No meio desta azáfama, há inevitavelmente pequenos confortos que ficam para trás, confessa Jen Guyton. Sensivelmente a meio da expedição de duas semanas, a equipa mudou o acampamento de Nhabawa, no fundo do vale, para o rio Nyahedzi, a 1.220 metros de altitude. “Quando chegámos ao acampamento superior, percebemos que nos tínhamos esquecido de trazer os talheres do acampamento-base”, confessa com frustração. Entre catorze pessoas, havia apenas uma colher. No entanto, como eram um conjunto de cientistas, decidiram que voltar atrás estava fora de causa. A resposta teria de ser encontrada nas suas competências para resolver problemas criativamente.

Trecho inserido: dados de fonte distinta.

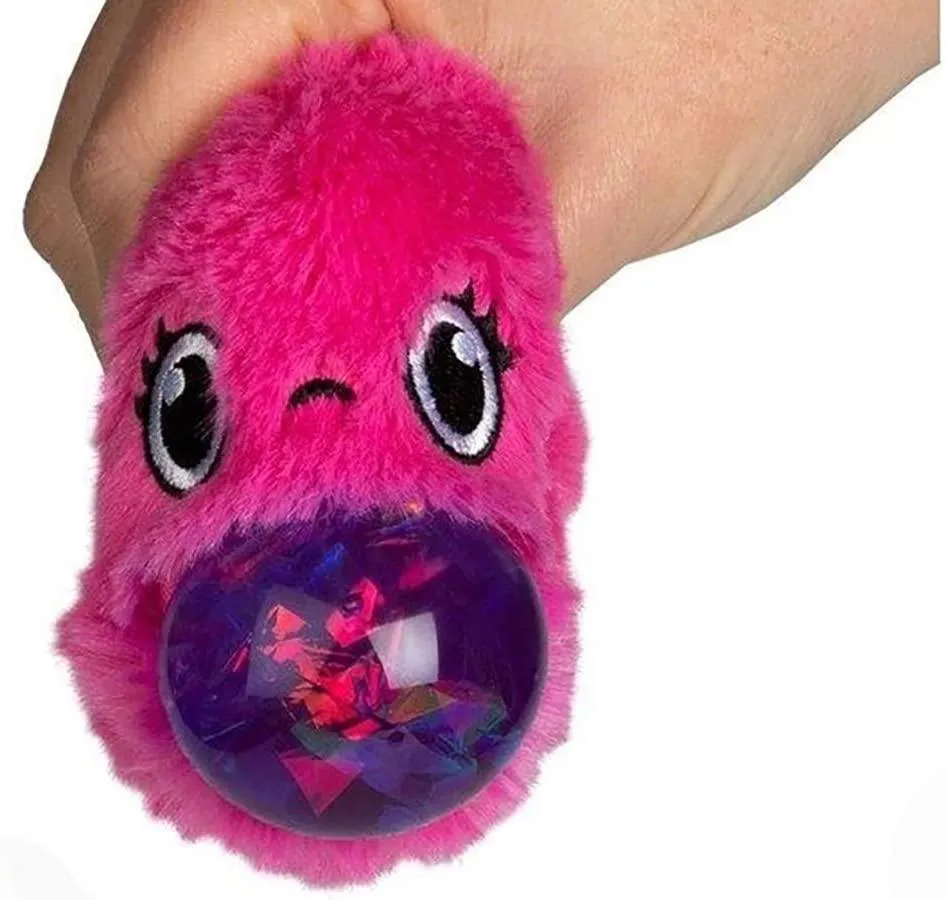 ORB Plopzz Ball Squishy Slime Plush
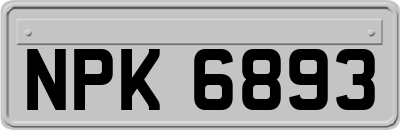 NPK6893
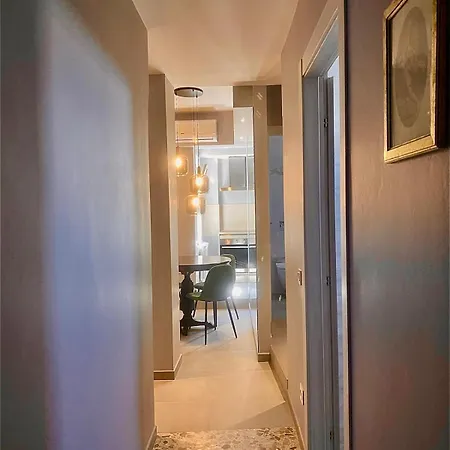 Casa Monir 公寓 陶尔米纳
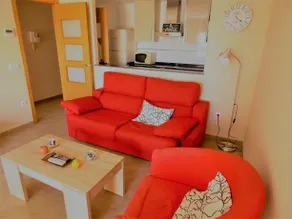 Valencia Beach Suites Wifi Fibra - Image 4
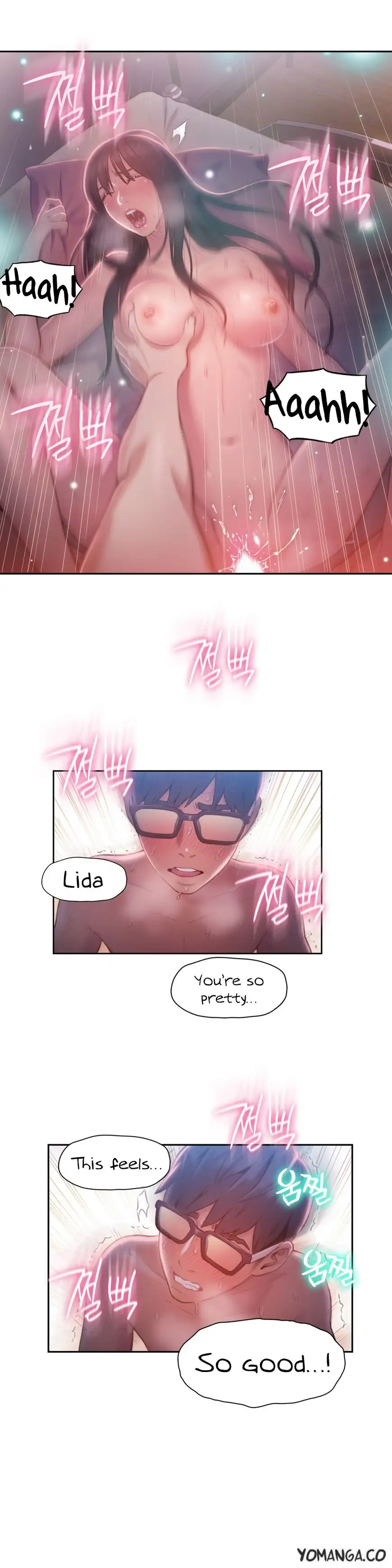 Sweet Guy - Chapter 60 [photo 13] - MangaPorn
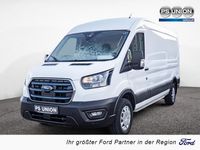 Gebraucht Ford Transit 197 kW (269 PS) 2022 Frozen white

Enquanto os mais impacientes mexiam o café com finos galhos de madeira e usavam latas de feijão como canecas, aproveitando as tampas das latas de atum dobradas em forma de colher, a ornitóloga Callie Gesmundo construiu uma colher com um pedaço de pau e um pouco de papel de alumínio e o herpetólogo Mark Rödel decidiu simplesmente usar biscoitos como instrumentos de manuseio. “Os mais refinados entre nós esperavam pacientemente pela sua vez com a única colher verdadeira”, confessa Jen, com uma gargalhada. Apesar dos desafios, a cada refeição, este acampamento a uma altitude mais elevada situava-se muito mais perto do monte Binga onde todos esperavam fazer descobertas importantes.

Foi efectivamente aqui, após um jejum que se prolongava desde a década de 1970, que voltou a ser avistado em Moçambique um bokmakierie, uma ave próxima dos picanços, que tem aqui uma população isolada das congéneres da África do Sul e da Namíbia e cuja filogenia carece de estudo mais aprofundado. A ornitóloga Callie Gesmundo confessou que “a observação destas aves impressionantes pulando pelas encostas íngremes e repletas de pedras do monte Binga foi uma experiência surreal que até hoje poucos puderam testemunhar”. Além desta espécie, os cientistas identificaram mais 260 espécies de aves, 67 de répteis e anfíbios, 43 de mamíferos, 582 de insectos e 475 de plantas algumas das quais novas para a ciência e que engrossaram a já longa lista de 76 espécies endémicas identificadas.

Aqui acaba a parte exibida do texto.